:: Recorded information

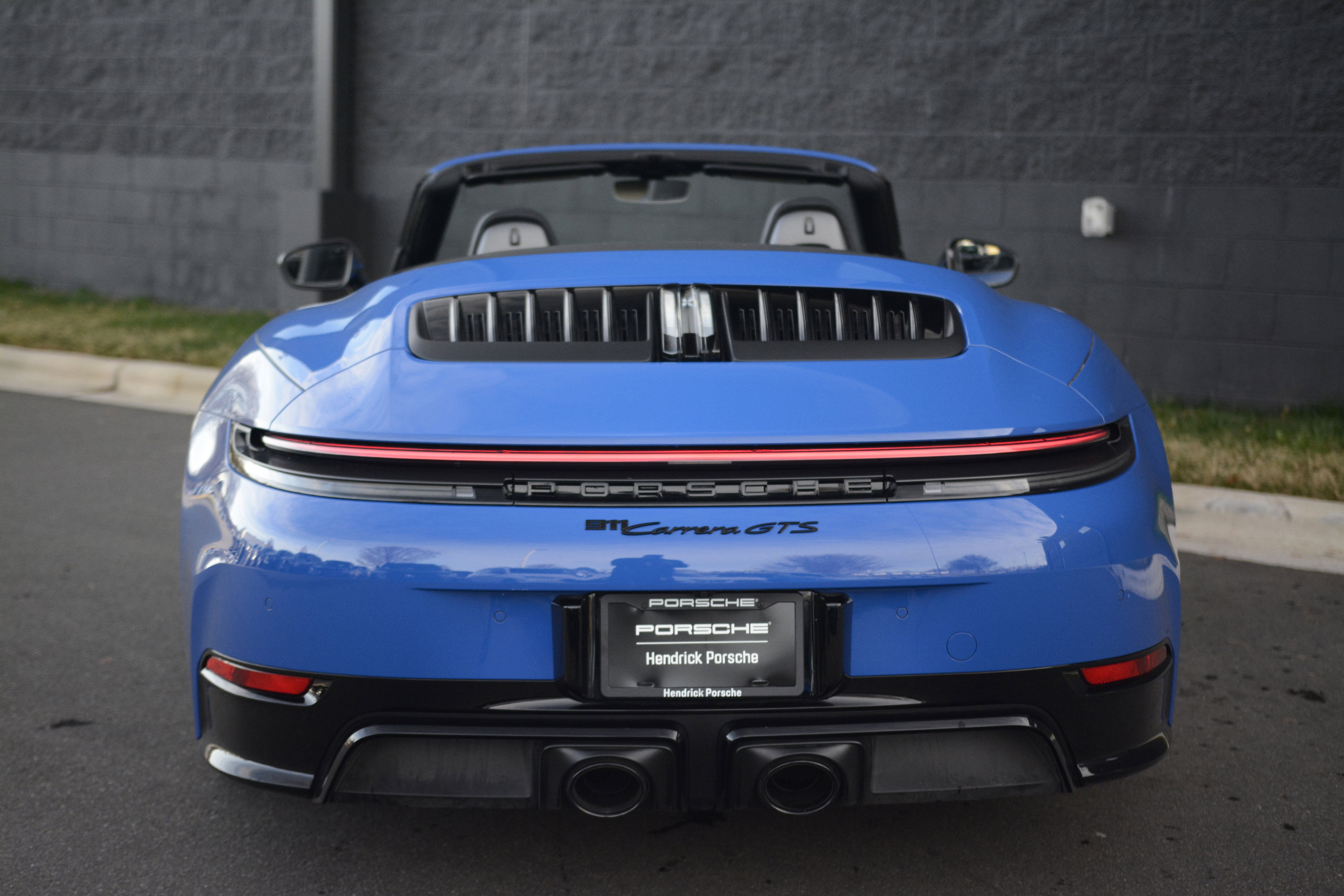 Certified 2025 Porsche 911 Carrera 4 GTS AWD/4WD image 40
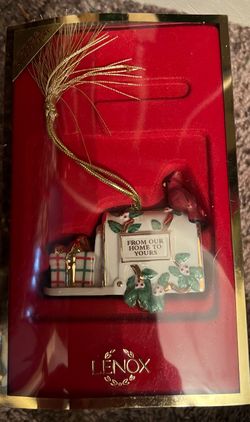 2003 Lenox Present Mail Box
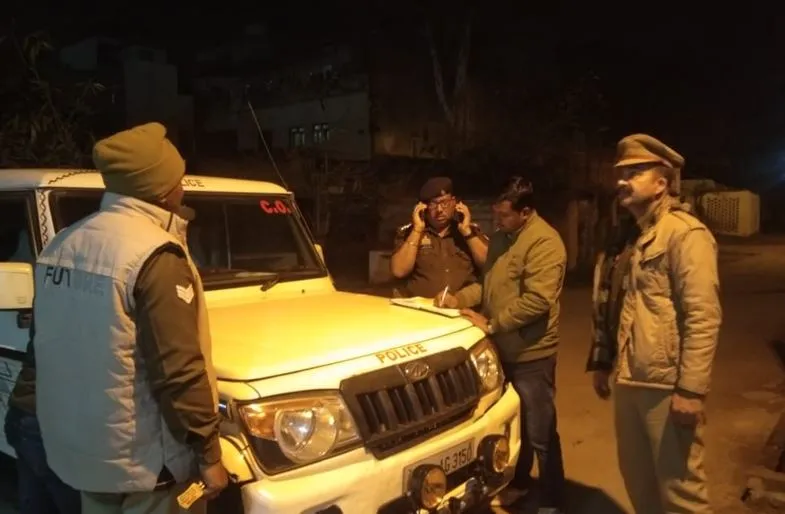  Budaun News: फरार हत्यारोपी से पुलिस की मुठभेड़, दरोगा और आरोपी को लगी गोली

::::

Leave out the images and copy all remaining data word for word.

 Certified 2025 Porsche 911 Carrera 4 GTS AWD/4WD image 40
 2003 Lenox Present Mail Box
  Budaun News: फरार हत्यारोपी से पुलिस की मुठभेड़, दरोगा और आरोपी को लगी गोली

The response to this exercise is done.